Nnamdi Kanu
Ipob leader Nnamdi Kanu (C) attends a trial for treasonable felony in Abuja on 9 February 2016AFP/Getty Images

Pro-Biafran activists in southeastern Nigeria have been urged to create a Biafra United Front to continue their struggle for independence and defend themselves against Nigeria's alleged violence. The Washington-based Organisation of Emerging African States (Oeas), which fights to achieve "true freedom" in Africa, is now calling on all pro-Biafran groups to put aside their internal differences and come together to achieve independence.

Pro-Biafrans call for the independence of the Biafran territories forcibly annexed to Nigeria during the British colonisation, which ended in 1960. They hold regular marches across the country's southeast calling for a breakaway and the release of their leader Nnamdi Kanu, head of the Indigenous People of Biafra (Ipob).
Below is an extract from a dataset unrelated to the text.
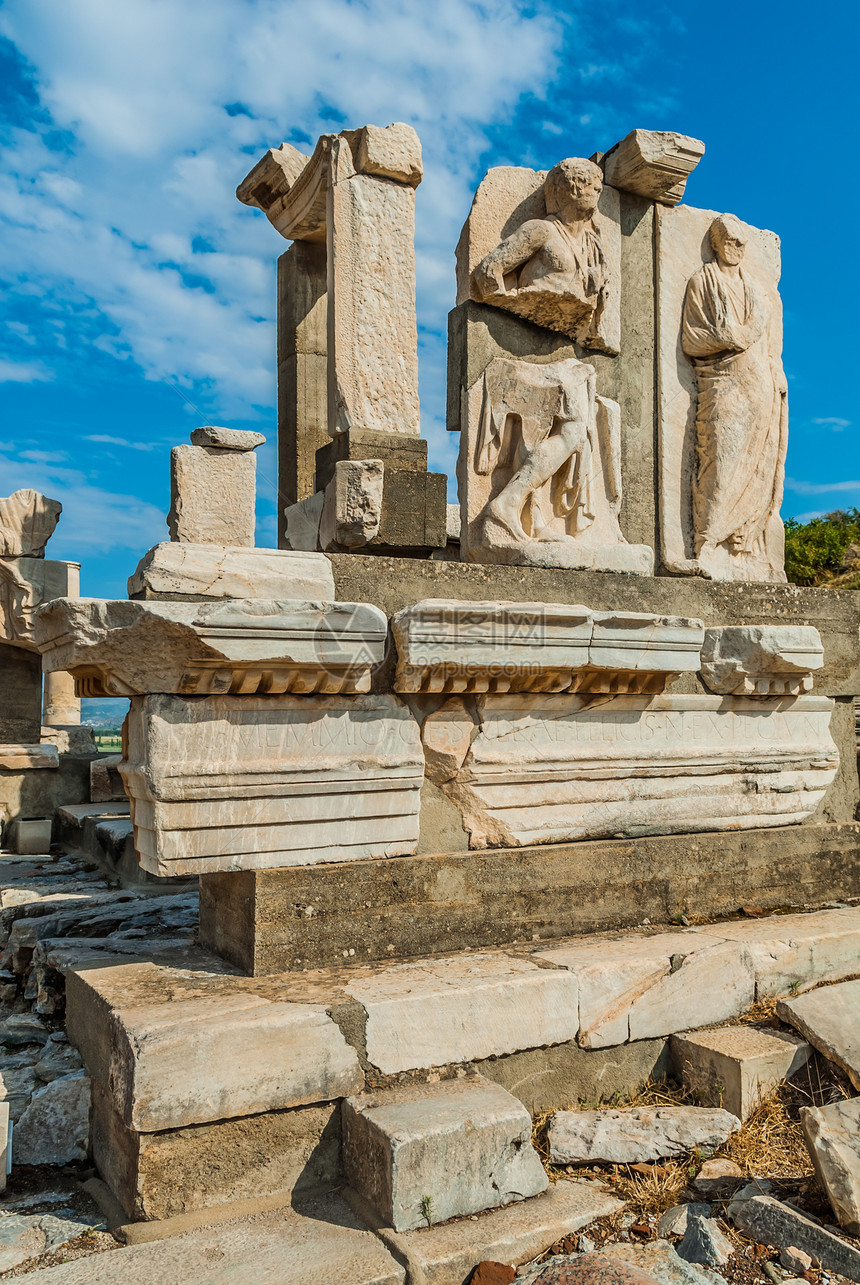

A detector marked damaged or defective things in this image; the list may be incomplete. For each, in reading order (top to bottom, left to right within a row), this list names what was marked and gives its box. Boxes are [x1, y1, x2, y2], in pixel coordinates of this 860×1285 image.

"On 4 December 2015, the Oeas issued the following demands to the Nigeria government to be met within 90 days," a document seen by IBTimes UK reads. " Immediate release from jail of Biafra Zionist Movement, MASSOB, Ipob and Radio Biafra supporters, including Benjamin Onwuka and Nnamdi Kanu. All federal military and police forces to stand down and return to their barracks. A snap referendum on Biafran self-determination to be held within 90 days."

However, Oeas claimed the Nigerian government ignored the requests and instead resorted to jailing more pro-Biafrans and using excessive violence against protesters.
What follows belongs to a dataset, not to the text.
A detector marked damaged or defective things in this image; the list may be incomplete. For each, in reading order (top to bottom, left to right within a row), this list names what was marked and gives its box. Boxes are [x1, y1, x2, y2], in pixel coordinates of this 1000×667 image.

"Therefore, the Oeas calls for the creation and implementation of a Biafra United Front to use all necessary means to achieve these goals," the document continued. "The Oeas offers its good offices to put out a call for the creation of a united front and organising meeting of all groups in greater Biafraland."

The Nigerian government has always maintained that Nigeria's unity is a priority for the country and that although peaceful pro-Biafran protests are welcome, demanding the breakaway of the Biafran territories is against the constitution.
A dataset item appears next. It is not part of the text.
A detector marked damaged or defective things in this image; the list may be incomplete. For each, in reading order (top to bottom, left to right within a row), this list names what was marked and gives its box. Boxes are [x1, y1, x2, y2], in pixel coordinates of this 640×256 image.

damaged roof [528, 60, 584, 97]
The government also told IBT that it does not consider the separatist movement a threat to the current leadership, and defined pro-Biafrans as an "insignificant number of frustrated people who are not a threat to the existence of Nigeria".

Allegations of violence

Oeas's call came days after Amnesty International told IBT that the Nigerian security forces had used excessive force against pro-Biafran protesters.

It is believed that during one of the latest demonstrations held in Aba state on 9 February, at least 10 people were killed by the army and police, with footage purportedly showing Nigerian security forces attacking pro-Biafrans being widely circulated on social media.

However, the spokesperson for Nigerian defence, Rabe Abubakar, told IBT the police and army did not kill the demonstrators. He also said security forces had to intervene as some pro-Biafrans were allegedly carrying weapons.

In several interviews with IBT, the army and the police have denied allegations of violence during pro-Biafran protests, arguing that security forces had to intervene as pro-Biafrans "were armed and disrupted peace in the state".

The declaration of the Independent Republic of Biafra in 1967 sparked a civil war that resulted in the death of millions and the re-annexation of the republic to Nigeria in 1970.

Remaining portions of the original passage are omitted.